Capire gli obiettivi da raggiungere ci aiuta a definire il passo successivo: definire con chi vogliamo parlare. La nostra audience è in parte implicita nell’obiettivo, ma è l’azienda per cui lavoriamo che dà la chiave di lettura corretta, anche sulla base dei dati che già possiede. Per chi non possiede informazioni precise è possibile integrare un’attività di ascolto costituita da interviste in profondità e questionari online. Ma questo è un argomento che lascio ai miei colleghi esperti di UX e research.
Che si tratti di persone che seguono il brand sui social, che leggono il blog aziendale o che stanno facendo una ricerca su Google, l’elemento cruciale del content marketing è capire chi sono questi utenti per fornire loro ciò che stanno cercando: qualcosa che li interessi, li intrattenga, li informi e li coinvolga.
Da qui la definizione delle buyer personas. Sapere quali sono i loro interessi, le loro professioni, alcune caratteristiche socio-demografiche e soprattutto il loro customer journey – e quindi tutti i touchpoint con il brand – ci aiuta infatti a parlare con loro, non solo nel modo migliore, ma anche nei canali giusti.
Un piccolo quiz semplicistico per voi. Target giovane, generazione Z: dove lo andreste a intercettare con più probabilità di trovarlo? Su Medium o su Tik Tok?
Se non lo sapete scriveteci pure, ve lo diremo più che volentieri, insieme al racconto della vision aziendale e alla presentazione di tutti i nostri servizi… Scherzo. O forse no.
Il passo successivo è la definizione del tono di voce della comunicazione. Un aiuto sostanziale arriva dalle informazioni che i dipendenti hanno condiviso con noi durante il workshop. Ascoltare quindi ciò che viene detto, ma anche come viene detto, e come il team dell’azienda percepisce il brand.

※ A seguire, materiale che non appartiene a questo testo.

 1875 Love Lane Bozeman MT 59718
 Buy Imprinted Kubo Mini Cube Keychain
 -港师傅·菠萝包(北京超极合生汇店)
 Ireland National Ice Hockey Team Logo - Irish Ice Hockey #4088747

Talvolta il tono di voce può essere già definito nelle linee guida che l’azienda ci condivide, oppure in una fase precedente di definizione/rinnovo della brand identity. In questi casi il ToV può essere adattato al canale specifico definendo necessità e casistiche peculiari.
L’aspetto fondamentale del tono di voce è che trasmette l’essenza del brand, la sua personalità e quindi determina anche la sua abilità di parlare con le persone: in un mondo digitale peer to peer, parliamo quindi di comunicazione Human-to-Human. Mostrare la personalità non solo permette di differenziarsi, ma anche di personificarsi e di accorciare le distanze già notevoli tipiche di una comunicazione mediata che elimina la comunicazione non verbale – grazie tante – ma anche quella para-verbale.

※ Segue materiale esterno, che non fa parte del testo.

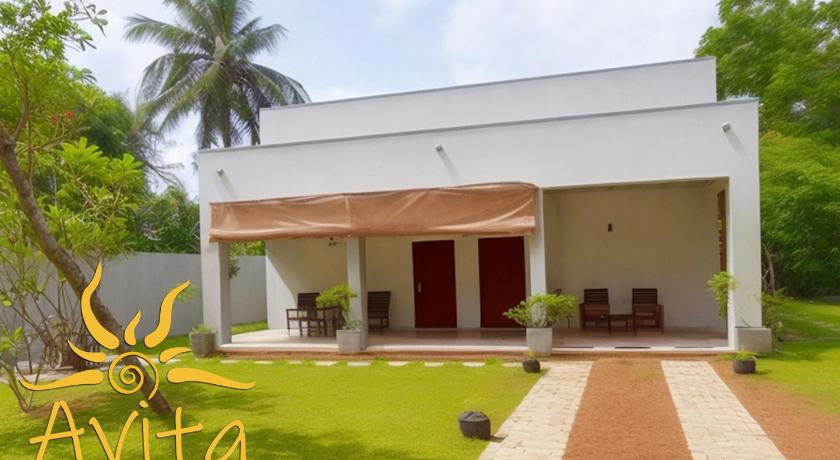 Avita Holiday Home 16/18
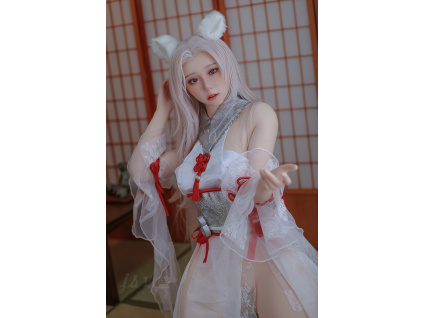 152E Silicone Doll #38C Yume(ROS) (17)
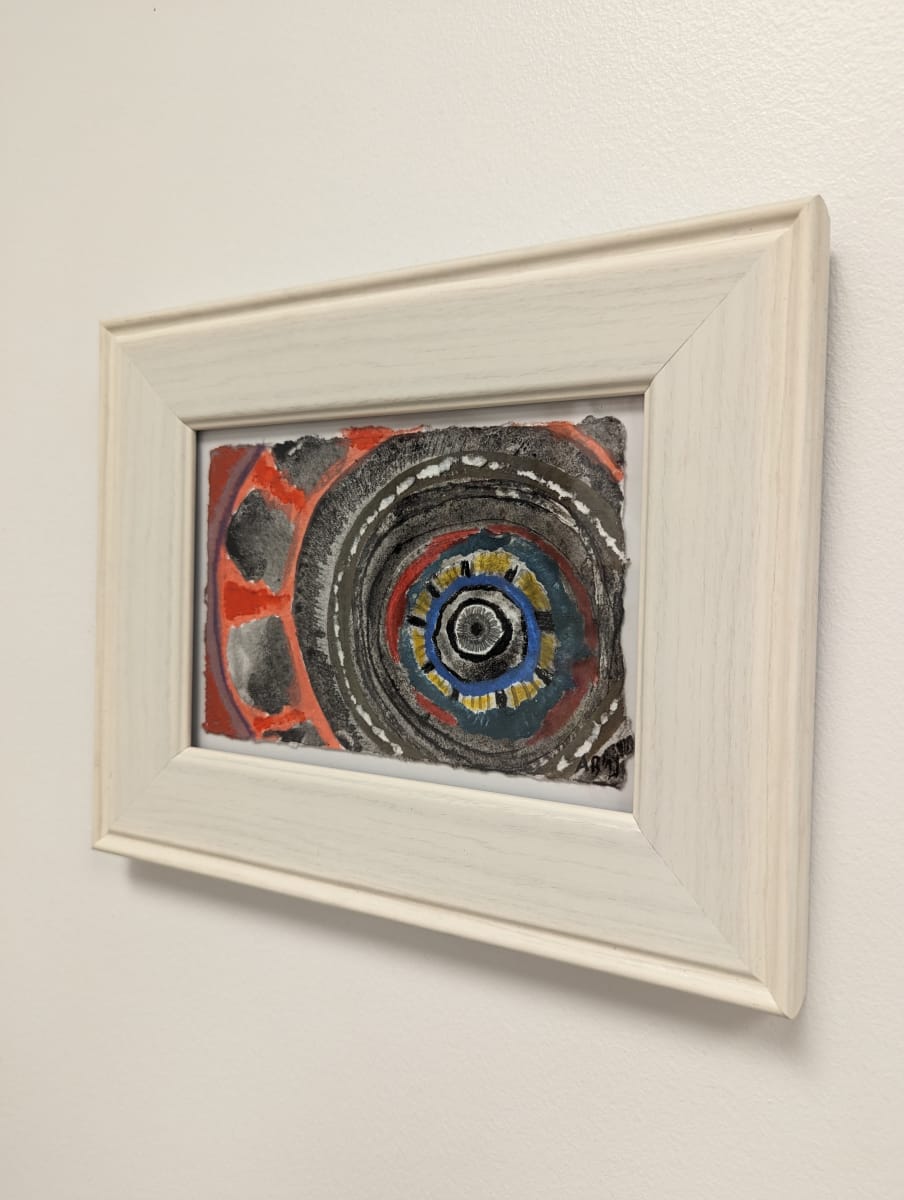 Skew Series No.40 by Annalisa Barron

A questo punto possiamo procedere a definire il piano editoriale. Quali sono gli elementi fondamentali? In primis i filoni editoriali, determinati insieme all’azienda, da spunti emersi in fase di analisi e di workshop, e al momento della definizione delle personas. Stiamo parlando di temi mediamente ampi da poter raccogliere più spunti diversi. Un esempio possono essere i valori aziendali, le iniziative a tema responsabilità sociale d’impresa, oppure consigli per gli utenti come il “fai da te”, o ancora “l’esperto consiglia”. Potrei andare avanti, avete capito che mi piacciono le parole…

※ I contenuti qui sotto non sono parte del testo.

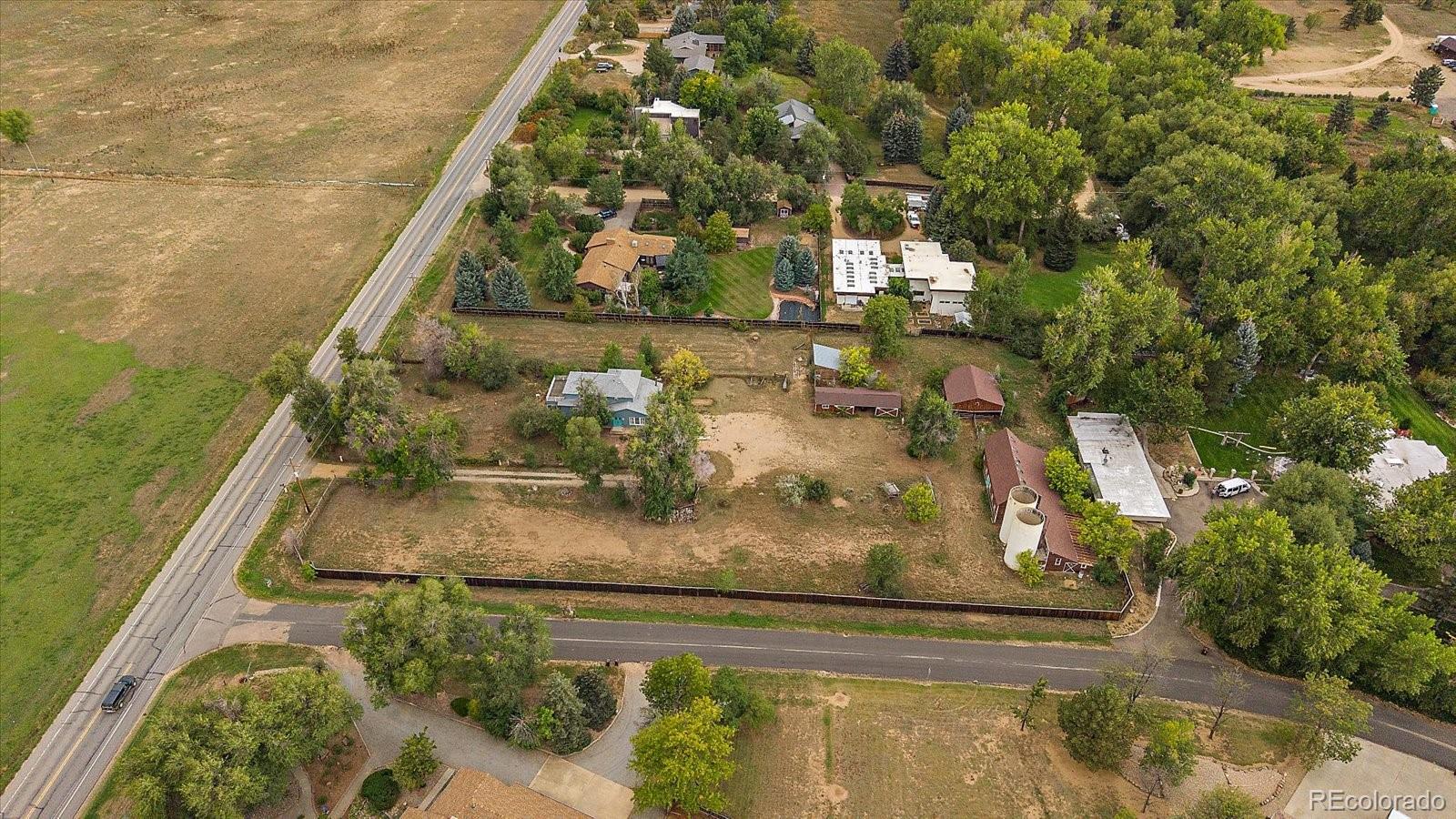 Longmont, Colorado, 80503, United States, 4 Bedrooms Bedrooms, ,2 BathroomsBathrooms,Residential,Active,1945852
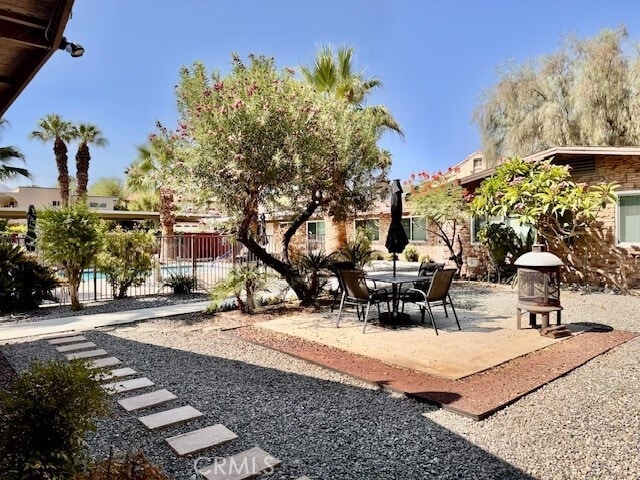 Building Photo - 74402 Abronia Trail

Ma stringiamo. A questo punto è il momento di stabilire i canali da sfruttare (blog, e-mail, social, …) e i formati più adatti: articoli, video, e-mail, infografiche, o contenuti social come caroselli, gif, slideshow, …
Il macro-piano editoriale fin qui delineato viene quindi temporizzato in un calendario editoriale e approfondito nel dettaglio di contenuto, sia visuale che testuale.
Wow, non solo è bello progettare una content strategy, ma anche raccontarla! Ma torniamo a noi.
L’ideale per una content strategy è quindi poter spaziare in modo trasversale su più canali per dedicare lo spazio giusto a ciascun contenuto e permettere alle persone di trovarlo. E questo è davvero un nuovo capitolo sulla promozione di contenuti di valore. La prima scelta è quella del digital (e quindi anche social) advertising, che permette a persone che hanno manifestato le loro passioni e preferenze di essere raggiunte da contenuti sponsorizzati per loro rilevanti e potenzialmente interessanti. La seconda opzione, più praticabile per contenuti su canali proprietari come il sito web aziendale, è quella dell’inbound marketing, cioè attrarre le persone sul proprio sito perché cercano informazioni su temi simili ai contenuti da voi offerti. Questo si lega strettamente al concetto di permission marketing che apre la strada al mondo della lead generation e dell’email marketing. Ma anche questa è un’altra storia.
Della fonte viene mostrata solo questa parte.